TASK BRIEF
Take the lines from the one with "Snapshot of chubbyDavid1998" to the end of the listing, both ends included, and quote them exactly, leaving pictures out.

===== DATA SUPPLIED =====

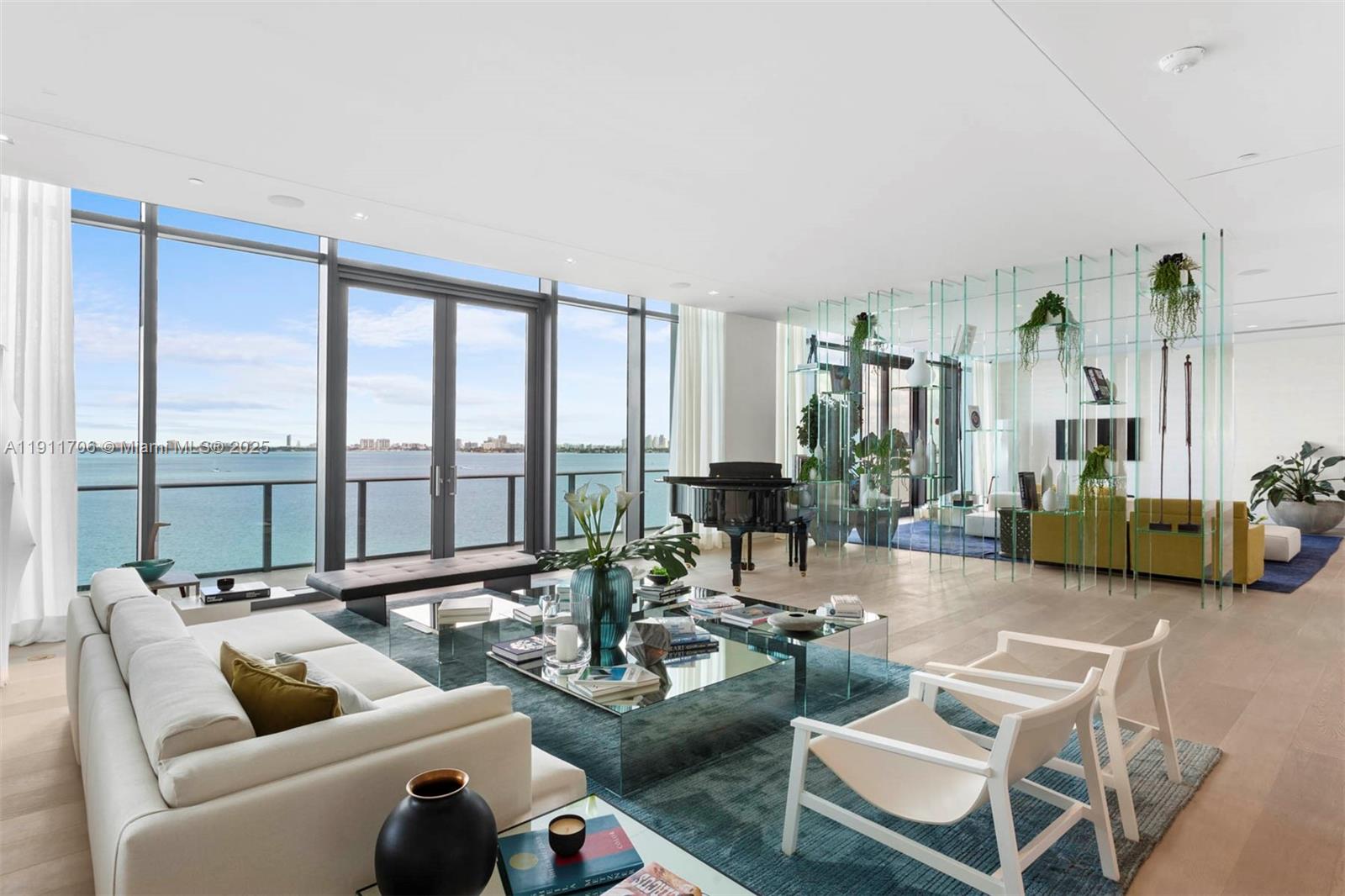 ONE PARAISO CONDO - Residential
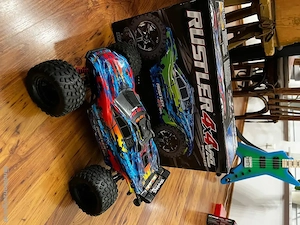 Traxxas Rustler 4x4 vxl 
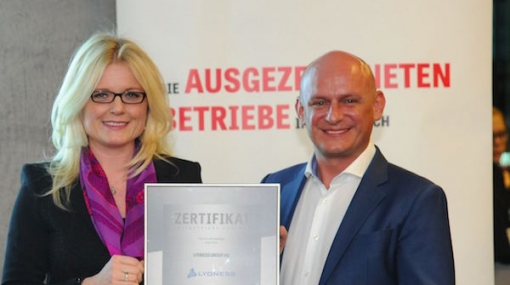 Monica Rintersbacher überreicht Zertifikat der Leitbetriebe Austria an Hubert Freidl © Sabine Klimpt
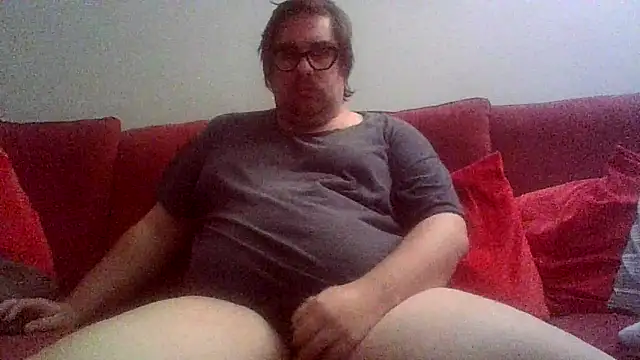 Snapshot of chubbyDavid1998 chatting on November 3, 2025, 6:51 am chubbyDavid1998 online show from November 3, 2025, 6:51 am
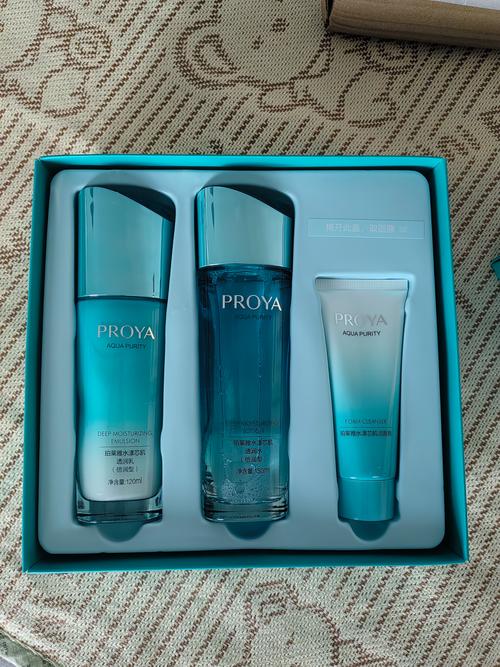 夏天补水控油，护肤品怎么选？-图2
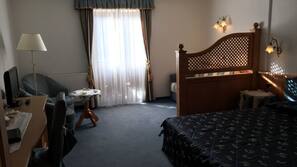 In-room safe, free WiFi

=====

EXERCISE ANSWER
 Snapshot of chubbyDavid1998 chatting on November 3, 2025, 6:51 am chubbyDavid1998 online show from November 3, 2025, 6:51 am
 夏天补水控油，护肤品怎么选？-图2
 In-room safe, free WiFi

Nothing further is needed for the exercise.